* [TASK REQUIREMENTS]:
From the listing below, retype exactly the line holding "Royal blue cobalt", the line holding "FILA FERN 2S", and the lines between them; skip everything else.

* [SUPPLIED ENTRIES]:
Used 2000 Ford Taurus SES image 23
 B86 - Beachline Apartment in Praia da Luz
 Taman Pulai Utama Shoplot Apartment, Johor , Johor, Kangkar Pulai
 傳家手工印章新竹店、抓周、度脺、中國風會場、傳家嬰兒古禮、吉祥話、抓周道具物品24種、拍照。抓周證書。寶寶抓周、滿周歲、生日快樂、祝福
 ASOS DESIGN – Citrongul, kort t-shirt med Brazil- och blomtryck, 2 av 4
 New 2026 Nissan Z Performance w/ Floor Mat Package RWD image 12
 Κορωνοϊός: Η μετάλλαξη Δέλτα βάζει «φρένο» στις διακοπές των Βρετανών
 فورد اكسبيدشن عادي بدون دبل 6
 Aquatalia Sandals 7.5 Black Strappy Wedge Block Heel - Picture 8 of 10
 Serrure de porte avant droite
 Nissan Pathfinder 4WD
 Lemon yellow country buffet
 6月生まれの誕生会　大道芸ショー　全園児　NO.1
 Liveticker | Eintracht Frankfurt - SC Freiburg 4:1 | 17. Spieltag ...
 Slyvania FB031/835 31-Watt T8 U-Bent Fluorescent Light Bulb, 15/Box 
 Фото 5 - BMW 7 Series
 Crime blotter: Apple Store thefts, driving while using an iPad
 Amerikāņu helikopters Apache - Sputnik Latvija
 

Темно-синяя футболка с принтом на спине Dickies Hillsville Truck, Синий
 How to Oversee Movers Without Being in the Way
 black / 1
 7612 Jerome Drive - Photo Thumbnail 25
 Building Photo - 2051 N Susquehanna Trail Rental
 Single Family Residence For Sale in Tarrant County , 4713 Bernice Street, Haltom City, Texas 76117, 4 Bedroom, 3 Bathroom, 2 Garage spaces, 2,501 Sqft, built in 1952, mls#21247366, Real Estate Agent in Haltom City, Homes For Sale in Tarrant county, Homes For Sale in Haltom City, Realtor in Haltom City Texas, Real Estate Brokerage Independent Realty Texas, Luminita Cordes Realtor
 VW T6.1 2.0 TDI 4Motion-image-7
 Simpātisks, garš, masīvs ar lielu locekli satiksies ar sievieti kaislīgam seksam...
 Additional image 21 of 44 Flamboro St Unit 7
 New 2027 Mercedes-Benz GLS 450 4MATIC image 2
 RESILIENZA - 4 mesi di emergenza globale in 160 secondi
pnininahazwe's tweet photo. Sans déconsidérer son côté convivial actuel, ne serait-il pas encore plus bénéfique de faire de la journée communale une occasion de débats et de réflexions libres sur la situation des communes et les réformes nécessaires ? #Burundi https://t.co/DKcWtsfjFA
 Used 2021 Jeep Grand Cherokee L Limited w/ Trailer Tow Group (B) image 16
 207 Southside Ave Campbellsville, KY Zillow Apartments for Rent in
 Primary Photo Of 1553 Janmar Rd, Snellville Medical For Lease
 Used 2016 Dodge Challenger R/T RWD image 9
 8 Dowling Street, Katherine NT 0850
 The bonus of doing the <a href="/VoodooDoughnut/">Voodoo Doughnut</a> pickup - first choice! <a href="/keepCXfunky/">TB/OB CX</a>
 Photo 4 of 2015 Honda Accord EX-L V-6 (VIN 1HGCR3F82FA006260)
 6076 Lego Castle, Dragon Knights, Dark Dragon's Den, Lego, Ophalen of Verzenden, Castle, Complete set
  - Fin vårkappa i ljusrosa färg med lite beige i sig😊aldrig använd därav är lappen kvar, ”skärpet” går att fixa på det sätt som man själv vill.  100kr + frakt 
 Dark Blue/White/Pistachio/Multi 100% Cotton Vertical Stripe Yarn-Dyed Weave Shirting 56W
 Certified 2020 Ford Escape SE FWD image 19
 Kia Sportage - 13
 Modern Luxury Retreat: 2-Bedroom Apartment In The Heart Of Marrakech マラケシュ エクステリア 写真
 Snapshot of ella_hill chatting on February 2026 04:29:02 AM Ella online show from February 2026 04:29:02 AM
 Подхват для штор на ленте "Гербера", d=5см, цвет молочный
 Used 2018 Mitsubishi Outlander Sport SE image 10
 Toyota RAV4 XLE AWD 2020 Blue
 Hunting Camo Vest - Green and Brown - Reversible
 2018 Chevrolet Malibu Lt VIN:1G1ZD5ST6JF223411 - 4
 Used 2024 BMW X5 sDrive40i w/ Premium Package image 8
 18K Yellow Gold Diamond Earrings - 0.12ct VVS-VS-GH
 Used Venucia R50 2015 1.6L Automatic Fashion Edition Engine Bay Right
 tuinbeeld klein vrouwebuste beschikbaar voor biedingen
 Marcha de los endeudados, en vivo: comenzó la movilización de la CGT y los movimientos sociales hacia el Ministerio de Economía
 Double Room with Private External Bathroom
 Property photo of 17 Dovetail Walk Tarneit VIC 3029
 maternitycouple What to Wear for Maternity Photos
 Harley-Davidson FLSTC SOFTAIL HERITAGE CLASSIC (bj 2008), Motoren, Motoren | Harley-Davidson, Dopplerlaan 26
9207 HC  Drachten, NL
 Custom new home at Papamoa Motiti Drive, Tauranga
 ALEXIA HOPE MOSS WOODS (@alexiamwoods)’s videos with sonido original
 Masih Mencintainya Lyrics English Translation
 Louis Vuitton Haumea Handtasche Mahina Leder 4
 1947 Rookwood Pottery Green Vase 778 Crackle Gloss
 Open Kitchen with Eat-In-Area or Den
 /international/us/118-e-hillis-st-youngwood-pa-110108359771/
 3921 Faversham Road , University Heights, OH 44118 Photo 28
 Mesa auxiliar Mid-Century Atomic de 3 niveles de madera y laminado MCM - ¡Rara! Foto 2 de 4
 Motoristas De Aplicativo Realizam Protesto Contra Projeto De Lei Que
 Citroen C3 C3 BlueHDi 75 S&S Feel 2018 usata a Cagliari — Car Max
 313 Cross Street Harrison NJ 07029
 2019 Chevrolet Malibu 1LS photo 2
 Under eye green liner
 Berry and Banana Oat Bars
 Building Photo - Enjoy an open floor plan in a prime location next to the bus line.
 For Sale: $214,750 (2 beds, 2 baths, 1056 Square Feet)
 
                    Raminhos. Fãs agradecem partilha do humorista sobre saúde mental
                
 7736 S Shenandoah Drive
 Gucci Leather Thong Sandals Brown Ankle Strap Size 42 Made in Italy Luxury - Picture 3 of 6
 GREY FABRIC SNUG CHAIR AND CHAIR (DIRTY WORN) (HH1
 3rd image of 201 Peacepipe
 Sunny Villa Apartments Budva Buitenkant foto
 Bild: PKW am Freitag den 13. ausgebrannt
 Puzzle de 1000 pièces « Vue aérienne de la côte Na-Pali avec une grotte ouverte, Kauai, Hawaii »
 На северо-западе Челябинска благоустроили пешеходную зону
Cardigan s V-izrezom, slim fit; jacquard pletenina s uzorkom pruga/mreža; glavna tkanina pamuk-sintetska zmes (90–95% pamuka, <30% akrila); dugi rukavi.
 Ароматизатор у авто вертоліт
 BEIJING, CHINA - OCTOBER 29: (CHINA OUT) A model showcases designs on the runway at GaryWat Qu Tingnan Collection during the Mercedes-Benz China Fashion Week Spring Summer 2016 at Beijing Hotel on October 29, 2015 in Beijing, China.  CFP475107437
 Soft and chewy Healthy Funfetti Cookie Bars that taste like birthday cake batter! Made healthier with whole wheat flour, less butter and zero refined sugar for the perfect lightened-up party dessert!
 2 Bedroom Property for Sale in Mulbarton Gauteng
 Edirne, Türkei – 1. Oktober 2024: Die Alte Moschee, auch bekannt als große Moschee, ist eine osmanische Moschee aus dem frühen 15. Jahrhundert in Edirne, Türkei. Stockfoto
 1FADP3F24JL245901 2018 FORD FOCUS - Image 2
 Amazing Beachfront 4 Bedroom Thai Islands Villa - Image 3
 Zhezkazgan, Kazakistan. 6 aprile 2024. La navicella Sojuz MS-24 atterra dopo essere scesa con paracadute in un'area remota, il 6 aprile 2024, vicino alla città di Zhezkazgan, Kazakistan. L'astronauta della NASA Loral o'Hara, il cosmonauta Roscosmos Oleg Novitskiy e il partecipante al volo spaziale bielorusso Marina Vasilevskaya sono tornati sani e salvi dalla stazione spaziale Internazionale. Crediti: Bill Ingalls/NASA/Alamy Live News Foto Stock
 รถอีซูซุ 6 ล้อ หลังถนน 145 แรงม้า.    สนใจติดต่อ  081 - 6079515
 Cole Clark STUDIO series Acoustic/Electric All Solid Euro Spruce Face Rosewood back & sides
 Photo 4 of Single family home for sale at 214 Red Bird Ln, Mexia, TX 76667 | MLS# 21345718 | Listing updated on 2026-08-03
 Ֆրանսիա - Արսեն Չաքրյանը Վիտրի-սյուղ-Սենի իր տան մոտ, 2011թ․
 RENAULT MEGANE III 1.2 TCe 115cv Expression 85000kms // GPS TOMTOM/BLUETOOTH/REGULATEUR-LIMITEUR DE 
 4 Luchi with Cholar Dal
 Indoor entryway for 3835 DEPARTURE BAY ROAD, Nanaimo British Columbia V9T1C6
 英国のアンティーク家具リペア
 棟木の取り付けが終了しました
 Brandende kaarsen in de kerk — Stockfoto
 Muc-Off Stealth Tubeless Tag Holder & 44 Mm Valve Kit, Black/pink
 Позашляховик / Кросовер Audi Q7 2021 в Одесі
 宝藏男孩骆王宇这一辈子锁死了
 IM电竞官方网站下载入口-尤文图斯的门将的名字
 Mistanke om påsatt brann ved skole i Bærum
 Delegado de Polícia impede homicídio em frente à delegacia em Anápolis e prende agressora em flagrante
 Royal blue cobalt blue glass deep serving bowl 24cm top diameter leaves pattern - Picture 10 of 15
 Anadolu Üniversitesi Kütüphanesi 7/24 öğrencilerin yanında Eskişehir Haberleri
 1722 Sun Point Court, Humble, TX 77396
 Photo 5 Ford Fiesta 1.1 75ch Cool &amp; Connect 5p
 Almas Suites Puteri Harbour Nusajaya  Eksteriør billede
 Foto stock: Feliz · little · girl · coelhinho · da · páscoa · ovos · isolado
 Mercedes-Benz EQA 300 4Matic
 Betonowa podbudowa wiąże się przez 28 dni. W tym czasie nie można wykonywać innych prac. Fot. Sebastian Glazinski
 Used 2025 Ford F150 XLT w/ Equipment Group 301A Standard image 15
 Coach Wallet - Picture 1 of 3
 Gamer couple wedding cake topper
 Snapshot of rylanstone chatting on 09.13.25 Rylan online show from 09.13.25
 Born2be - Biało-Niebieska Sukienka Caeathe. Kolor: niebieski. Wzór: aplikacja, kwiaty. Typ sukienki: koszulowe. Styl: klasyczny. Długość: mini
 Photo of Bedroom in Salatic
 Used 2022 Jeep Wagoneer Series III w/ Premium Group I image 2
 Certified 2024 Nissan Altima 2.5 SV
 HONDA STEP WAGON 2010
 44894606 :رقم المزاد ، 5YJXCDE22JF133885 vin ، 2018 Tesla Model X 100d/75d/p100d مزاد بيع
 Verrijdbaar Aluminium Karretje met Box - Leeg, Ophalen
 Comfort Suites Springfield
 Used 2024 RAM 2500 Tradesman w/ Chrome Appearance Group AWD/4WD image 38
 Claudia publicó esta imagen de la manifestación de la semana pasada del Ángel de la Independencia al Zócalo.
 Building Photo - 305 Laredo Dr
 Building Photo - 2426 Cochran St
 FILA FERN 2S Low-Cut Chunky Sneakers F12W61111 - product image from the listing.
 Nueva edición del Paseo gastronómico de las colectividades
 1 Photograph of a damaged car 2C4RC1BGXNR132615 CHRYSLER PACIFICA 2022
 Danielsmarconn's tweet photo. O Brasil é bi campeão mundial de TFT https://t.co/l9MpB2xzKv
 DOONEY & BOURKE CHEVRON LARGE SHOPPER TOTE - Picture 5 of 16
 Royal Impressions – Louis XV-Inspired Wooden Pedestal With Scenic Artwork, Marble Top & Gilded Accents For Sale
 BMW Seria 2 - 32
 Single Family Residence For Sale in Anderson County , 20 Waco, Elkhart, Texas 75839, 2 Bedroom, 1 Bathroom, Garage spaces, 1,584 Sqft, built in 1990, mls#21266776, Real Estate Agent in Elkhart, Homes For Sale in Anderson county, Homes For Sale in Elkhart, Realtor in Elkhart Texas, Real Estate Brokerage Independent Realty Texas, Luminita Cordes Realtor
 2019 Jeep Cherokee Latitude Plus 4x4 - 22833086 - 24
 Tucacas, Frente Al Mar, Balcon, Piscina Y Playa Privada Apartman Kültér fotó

* [WRITTEN SOLUTION]:
 Royal blue cobalt blue glass deep serving bowl 24cm top diameter leaves pattern - Picture 10 of 15
 Anadolu Üniversitesi Kütüphanesi 7/24 öğrencilerin yanında Eskişehir Haberleri
 1722 Sun Point Court, Humble, TX 77396
 Photo 5 Ford Fiesta 1.1 75ch Cool &amp; Connect 5p
 Almas Suites Puteri Harbour Nusajaya  Eksteriør billede
 Foto stock: Feliz · little · girl · coelhinho · da · páscoa · ovos · isolado
 Mercedes-Benz EQA 300 4Matic
 Betonowa podbudowa wiąże się przez 28 dni. W tym czasie nie można wykonywać innych prac. Fot. Sebastian Glazinski
 Used 2025 Ford F150 XLT w/ Equipment Group 301A Standard image 15
 Coach Wallet - Picture 1 of 3
 Gamer couple wedding cake topper
 Snapshot of rylanstone chatting on 09.13.25 Rylan online show from 09.13.25
 Born2be - Biało-Niebieska Sukienka Caeathe. Kolor: niebieski. Wzór: aplikacja, kwiaty. Typ sukienki: koszulowe. Styl: klasyczny. Długość: mini
 Photo of Bedroom in Salatic
 Used 2022 Jeep Wagoneer Series III w/ Premium Group I image 2
 Certified 2024 Nissan Altima 2.5 SV
 HONDA STEP WAGON 2010
 44894606 :رقم المزاد ، 5YJXCDE22JF133885 vin ، 2018 Tesla Model X 100d/75d/p100d مزاد بيع
 Verrijdbaar Aluminium Karretje met Box - Leeg, Ophalen
 Comfort Suites Springfield
 Used 2024 RAM 2500 Tradesman w/ Chrome Appearance Group AWD/4WD image 38
 Claudia publicó esta imagen de la manifestación de la semana pasada del Ángel de la Independencia al Zócalo.
 Building Photo - 305 Laredo Dr
 Building Photo - 2426 Cochran St
 FILA FERN 2S Low-Cut Chunky Sneakers F12W61111 - product image from the listing.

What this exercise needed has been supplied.